The way our ensemble approaches audio/visual projects directly comes from the idea of preserving this original unity: actually, we do not aim at recomposing it a-posteriori, but rather at making it the starting point from which to grow different fronds, all belonging to the audio/visual realm. Therefore, we understand the “/” sign as a continuum consisting of a range of experiences (including the strictly auditive and visual ones) that can be freely navigated. Free navigation, however, may well lead us out of the map: that is to say, other expressive forms may at a certain point be included in our projects, for example spoken words or performative arts. To be ready to greet them we should start to think of our group as a Transmedial Ensemble.

As a matter of facts, some of our projects already include performative elements. Timo’s instrument, for example, consists of system whose output massively involves light and sound; at the same time, though, it can only be appreciated considering its performance-driven nature. The source of it all is Timo playing a bass guitar – an action that, indeed, is one of the most ancient and well recognised ways of performing. Its performative nature becomes even more clear as Timo makes use of unconventional gestures. Russell and Jessamine have been working together on two different projects that go in an even more abstract direction, leaving behind the idea of playing a musical instrument and freeing the performative element. Marco’s system can be placed somewhere in between, as the physical interaction that “plays” it can vary from a percussive-instrument style to more “theatrical” gestures.

Submission 1: including analog

“Get away from the computer screen” one day Martin said, “for instance, you could make this TV flicker” he added.
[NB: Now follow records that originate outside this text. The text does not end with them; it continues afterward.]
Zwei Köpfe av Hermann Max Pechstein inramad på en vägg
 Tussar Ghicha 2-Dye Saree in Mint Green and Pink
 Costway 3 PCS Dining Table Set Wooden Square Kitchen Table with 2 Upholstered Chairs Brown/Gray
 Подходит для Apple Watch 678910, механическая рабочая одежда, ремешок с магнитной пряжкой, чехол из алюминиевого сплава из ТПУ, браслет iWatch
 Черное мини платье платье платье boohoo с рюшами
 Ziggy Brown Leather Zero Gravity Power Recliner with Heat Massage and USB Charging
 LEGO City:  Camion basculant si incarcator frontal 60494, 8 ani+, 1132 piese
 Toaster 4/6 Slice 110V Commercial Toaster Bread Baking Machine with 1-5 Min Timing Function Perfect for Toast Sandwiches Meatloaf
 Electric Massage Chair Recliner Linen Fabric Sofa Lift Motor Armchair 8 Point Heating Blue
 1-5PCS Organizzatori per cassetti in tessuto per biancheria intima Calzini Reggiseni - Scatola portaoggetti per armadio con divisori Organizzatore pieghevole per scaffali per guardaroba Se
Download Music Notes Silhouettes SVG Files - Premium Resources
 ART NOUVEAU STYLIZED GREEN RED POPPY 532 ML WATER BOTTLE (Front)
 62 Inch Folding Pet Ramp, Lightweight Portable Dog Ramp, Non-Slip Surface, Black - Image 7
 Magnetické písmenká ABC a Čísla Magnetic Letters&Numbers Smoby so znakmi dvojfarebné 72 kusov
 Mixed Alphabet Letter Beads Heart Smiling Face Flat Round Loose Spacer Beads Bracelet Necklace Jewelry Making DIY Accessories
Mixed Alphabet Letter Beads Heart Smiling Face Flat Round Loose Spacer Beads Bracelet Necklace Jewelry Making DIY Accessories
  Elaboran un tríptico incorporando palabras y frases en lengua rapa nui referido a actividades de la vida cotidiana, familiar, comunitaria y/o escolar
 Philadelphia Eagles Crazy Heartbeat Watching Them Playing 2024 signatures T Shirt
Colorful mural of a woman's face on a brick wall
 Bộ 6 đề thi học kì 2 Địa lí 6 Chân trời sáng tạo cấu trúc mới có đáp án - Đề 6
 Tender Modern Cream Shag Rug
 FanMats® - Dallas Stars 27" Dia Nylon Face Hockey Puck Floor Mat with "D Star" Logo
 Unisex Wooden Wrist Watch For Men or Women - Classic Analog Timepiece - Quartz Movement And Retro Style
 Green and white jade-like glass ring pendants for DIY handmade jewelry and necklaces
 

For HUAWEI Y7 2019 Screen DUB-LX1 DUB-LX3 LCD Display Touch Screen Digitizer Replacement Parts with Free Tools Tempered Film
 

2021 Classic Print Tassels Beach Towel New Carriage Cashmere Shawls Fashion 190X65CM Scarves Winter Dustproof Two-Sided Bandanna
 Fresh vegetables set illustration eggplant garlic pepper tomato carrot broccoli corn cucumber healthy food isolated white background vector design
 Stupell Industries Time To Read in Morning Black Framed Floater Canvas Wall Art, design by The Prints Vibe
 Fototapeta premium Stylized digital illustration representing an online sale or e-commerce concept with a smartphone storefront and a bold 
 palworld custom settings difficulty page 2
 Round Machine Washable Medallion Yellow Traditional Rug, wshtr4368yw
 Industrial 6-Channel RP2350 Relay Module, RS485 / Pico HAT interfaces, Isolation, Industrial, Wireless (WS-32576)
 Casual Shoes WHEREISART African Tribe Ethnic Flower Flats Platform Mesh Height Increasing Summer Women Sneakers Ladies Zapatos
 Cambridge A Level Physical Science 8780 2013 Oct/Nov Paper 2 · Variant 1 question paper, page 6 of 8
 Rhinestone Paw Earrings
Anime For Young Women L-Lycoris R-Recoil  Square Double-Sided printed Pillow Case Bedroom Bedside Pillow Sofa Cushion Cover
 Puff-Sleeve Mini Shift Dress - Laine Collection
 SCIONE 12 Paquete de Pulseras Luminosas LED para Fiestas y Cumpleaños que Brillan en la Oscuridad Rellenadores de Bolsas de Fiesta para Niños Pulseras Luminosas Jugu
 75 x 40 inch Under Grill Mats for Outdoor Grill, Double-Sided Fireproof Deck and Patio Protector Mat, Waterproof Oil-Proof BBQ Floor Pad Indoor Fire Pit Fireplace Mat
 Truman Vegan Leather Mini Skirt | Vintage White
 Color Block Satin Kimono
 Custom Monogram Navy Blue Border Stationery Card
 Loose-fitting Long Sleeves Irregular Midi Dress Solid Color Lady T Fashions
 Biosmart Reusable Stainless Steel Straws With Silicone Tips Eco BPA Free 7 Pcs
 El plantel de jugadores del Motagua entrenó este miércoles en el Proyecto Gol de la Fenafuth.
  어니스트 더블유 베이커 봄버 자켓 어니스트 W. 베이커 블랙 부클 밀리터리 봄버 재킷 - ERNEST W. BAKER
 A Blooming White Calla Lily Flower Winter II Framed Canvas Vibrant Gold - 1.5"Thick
I had no idea how that could be done, but I had always been fascinated by small, old tv screens laying in a corner, maybe in a group of three or four, in exhibitions of different kind and atmosphere. Videoart, they call it. So I asked him, and he replied: “touch these contacts with an audio cable”. The next thing I know, I was in front of a screen (an analog one, though) that seemed to appreciate the wild noise I was feeding it in a very responsive way.
I then had the idea of putting together a small, local audio/visual unit, by placing a small speaker on the monitor. The idea is to have many of these units scattered around a performative space, maybe on the sides or behind the audience, and use them to create a counterpoint with the main stage. While I was experimenting with this setup, I discovered an interesting phenomenon: as I tapped on the surface of the speaker, a signal was generated that made the tv screen flash quite intensely. Actually the tv and the speaker receive exactly the same signal, which translates at the same time into light and sounds: this was achieved through a physical connection of the two, which connection eventually allowed the use of the speaker as a vibrational pick up (basically a bad dynamic mic). I ended up discarding this feature, but I took from that two different ideas: first of all, the use of contact mics to pick up physical interaction between a performer and an object (this is something I did before and I process the signal quite heavily); secondly, the idea of multidirectional flows of electrical signal, which eventually made me use an EM microphone (an electric guitar one) to pick up the EM field variations produced by the tv screen as it flickered. This signal is then processed in a very similar way to the contact mic one and fed back to the screens and the speakers, but it also enters a digital feedback system whose sound is then sent to main amplification.

A large part of the hacking happened in collaboration with Russell, while the guitar pickup belongs to Wolfgang Thomas.